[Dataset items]
-----

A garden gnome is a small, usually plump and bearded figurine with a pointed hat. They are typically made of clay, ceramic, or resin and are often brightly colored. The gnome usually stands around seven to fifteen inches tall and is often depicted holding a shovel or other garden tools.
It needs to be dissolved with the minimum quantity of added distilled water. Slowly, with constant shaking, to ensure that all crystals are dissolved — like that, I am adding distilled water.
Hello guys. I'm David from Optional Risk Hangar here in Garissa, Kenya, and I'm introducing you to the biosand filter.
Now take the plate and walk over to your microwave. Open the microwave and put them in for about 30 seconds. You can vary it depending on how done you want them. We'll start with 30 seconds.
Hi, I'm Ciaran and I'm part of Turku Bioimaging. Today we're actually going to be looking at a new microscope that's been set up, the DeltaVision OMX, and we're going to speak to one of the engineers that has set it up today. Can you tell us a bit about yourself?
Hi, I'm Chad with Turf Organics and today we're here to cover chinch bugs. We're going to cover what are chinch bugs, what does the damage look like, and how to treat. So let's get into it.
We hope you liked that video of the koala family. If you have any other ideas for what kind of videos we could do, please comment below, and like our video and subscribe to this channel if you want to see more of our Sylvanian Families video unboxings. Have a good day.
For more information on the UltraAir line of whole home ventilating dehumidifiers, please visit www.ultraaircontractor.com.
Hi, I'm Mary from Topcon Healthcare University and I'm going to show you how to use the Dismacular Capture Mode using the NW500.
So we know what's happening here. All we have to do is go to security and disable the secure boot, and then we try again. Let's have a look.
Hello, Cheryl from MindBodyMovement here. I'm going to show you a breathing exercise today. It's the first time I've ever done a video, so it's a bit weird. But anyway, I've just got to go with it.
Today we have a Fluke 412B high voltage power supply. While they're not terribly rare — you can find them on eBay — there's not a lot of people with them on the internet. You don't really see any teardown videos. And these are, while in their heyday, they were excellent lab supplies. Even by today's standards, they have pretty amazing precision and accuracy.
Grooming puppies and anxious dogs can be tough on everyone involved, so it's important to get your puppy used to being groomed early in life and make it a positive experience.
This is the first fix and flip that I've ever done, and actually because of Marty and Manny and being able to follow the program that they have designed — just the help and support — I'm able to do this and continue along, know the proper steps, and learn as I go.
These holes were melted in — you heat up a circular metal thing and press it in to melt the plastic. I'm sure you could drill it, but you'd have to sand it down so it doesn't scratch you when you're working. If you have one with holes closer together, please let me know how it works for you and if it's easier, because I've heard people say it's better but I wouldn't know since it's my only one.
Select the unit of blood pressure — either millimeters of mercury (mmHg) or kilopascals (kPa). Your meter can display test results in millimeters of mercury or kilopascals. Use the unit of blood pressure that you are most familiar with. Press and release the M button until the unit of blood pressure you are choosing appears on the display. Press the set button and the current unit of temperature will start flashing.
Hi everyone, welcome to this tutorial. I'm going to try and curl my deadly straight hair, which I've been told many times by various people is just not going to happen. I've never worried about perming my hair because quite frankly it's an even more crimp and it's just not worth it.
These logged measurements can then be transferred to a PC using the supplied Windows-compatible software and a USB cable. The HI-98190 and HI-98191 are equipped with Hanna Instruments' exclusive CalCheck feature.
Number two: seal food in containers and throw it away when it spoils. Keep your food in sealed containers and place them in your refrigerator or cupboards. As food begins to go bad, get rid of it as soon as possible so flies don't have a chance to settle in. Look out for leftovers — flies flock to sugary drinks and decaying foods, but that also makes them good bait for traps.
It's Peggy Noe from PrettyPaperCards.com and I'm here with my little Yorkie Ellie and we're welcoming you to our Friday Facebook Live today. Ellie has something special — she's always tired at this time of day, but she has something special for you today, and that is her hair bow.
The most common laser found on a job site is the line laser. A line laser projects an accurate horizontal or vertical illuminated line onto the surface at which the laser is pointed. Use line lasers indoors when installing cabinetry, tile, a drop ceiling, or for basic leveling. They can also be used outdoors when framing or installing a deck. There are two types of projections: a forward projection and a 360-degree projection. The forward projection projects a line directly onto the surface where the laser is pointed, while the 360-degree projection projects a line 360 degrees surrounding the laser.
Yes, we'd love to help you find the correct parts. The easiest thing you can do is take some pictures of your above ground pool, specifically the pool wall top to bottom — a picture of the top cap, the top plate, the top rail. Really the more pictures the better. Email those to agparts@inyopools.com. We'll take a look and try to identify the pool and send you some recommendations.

-----

▶ Task brief
Across the records above, return every line that contains the word "start".

▶ Solution
Now take the plate and walk over to your microwave. Open the microwave and put them in for about 30 seconds. You can vary it depending on how done you want them. We'll start with 30 seconds.
Select the unit of blood pressure — either millimeters of mercury (mmHg) or kilopascals (kPa). Your meter can display test results in millimeters of mercury or kilopascals. Use the unit of blood pressure that you are most familiar with. Press and release the M button until the unit of blood pressure you are choosing appears on the display. Press the set button and the current unit of temperature will start flashing.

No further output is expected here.